The crowds who listened in that day would have been surprised to find out that Jesus wasn’t speaking to them or about them, nor promising them anything.
2) Jesus wasn’t speaking to a 21st century audience of self-reflecting, introspective Americans. No, he was—as the above indicates—speaking to the crowds of people who were attracted to his ministry and words who lived in that day and time. We know the crowds were the people of the land, the politically weak and powerless, the voiceless, and economically dependent on the alms of two governments with powerful structures for the elite and privileged (i.e., the Roman and the other, the Sanhedrin). These who gladly heard His voice were those who didn’t who were without landed property, those without status or without a stake in the land. It would be to them the Kingdom of God belongs and it was promised to them that they’d inherit the earth. It was to them, and their poor and humble status, that Jesus spoke of a new kingdom for which there would be a place for them. Jesus promised that they’d “inherit the earth,” not the rich and powerful. Jesus, the new king, would turn everything on its head.

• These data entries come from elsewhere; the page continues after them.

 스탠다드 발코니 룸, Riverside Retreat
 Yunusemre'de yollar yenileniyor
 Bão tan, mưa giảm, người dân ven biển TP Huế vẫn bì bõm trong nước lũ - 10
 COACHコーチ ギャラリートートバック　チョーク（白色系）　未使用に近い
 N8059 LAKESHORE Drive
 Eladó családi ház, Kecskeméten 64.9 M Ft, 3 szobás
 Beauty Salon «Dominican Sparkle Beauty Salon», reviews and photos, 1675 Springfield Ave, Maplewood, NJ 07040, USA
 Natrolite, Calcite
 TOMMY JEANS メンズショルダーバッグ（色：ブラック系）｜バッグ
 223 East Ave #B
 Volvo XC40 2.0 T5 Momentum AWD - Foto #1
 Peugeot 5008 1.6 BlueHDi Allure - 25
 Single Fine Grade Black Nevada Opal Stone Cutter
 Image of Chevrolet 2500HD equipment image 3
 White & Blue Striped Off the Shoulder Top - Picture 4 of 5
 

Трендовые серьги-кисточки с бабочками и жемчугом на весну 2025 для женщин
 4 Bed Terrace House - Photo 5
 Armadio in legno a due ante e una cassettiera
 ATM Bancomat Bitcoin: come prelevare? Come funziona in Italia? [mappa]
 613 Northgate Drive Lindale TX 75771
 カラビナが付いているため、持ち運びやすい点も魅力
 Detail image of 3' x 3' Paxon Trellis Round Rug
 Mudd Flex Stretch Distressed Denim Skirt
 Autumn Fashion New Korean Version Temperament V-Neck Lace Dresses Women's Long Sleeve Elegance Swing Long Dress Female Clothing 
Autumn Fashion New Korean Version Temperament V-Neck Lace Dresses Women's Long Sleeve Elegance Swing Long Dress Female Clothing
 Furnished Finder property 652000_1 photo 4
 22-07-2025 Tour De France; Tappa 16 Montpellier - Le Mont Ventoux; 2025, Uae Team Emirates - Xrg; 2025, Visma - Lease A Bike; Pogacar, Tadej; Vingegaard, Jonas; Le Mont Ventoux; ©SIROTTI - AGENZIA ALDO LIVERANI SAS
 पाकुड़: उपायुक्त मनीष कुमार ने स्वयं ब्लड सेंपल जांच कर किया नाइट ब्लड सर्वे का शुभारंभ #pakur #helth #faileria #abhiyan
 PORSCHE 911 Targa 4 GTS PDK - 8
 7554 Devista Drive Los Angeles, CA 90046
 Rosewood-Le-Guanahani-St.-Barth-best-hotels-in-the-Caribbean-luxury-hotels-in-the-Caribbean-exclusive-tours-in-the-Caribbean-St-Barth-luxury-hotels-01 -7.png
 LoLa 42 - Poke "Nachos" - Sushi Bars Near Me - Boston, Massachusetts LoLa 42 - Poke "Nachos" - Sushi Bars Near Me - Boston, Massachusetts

As I conclude my thoughts on this thread, I am drawn to the familiar story of the “Rich Young Property Owner” (or more commonly referred to as “the Rich Young Ruler"):
“As He [Jesus] was setting out on a journey, a man ran up to Him and knelt before Him, and asked Him, ‘Good Teacher, what shall I do to inherit eternal life?’ And Jesus said to him, ‘Why do you call Me good? No one is good except God alone. You know the commandments, DO NOT MURDER, DO NOT COMMIT ADULTERY, DO NOT STEAL, DO NOT BEAR FALSE WITNESS, Do not defraud, HONOR YOUR FATHER AND MOTHER.’ And he said to Him, ‘Teacher, I have kept all these things from my youth up.’ Looking at him, Jesus felt a love for him and said to him, ‘One thing you lack: go and sell all you possess and give to the poor, and you will have treasure in heaven; and come, follow Me.’ But at these words he was saddened, and he went away grieving, for he was one who owned much property. And Jesus, looking around, said to His disciples, ‘How hard it will be for those who are wealthy to enter the kingdom of God!’ The disciples were amazed at His words. But Jesus answered again and said to them, ‘Children, how hard it is to enter the kingdom of God! It is easier for a camel to go through the eye of a needle than for a rich man to enter the kingdom of God.’ They were even more astonished and said to Him, ‘Then who can be saved?’ Looking at them, Jesus said, ‘With people it is impossible, but not with God; for all things are possible with God.’ Peter began to say to Him, ‘Behold, we have left everything and followed You.’ Jesus said, ‘Truly I say to you, there is no one who has left house or brothers or sisters or mother or father or children or farms, for My sake and for the gospel’s sake, but that he will receive a hundred times as much now in the present age, houses and brothers and sisters and mothers and children and farms, along with persecutions; and in the age to come, eternal life. But many who are first will be last, and the last, first’” (Mark 10:17-30).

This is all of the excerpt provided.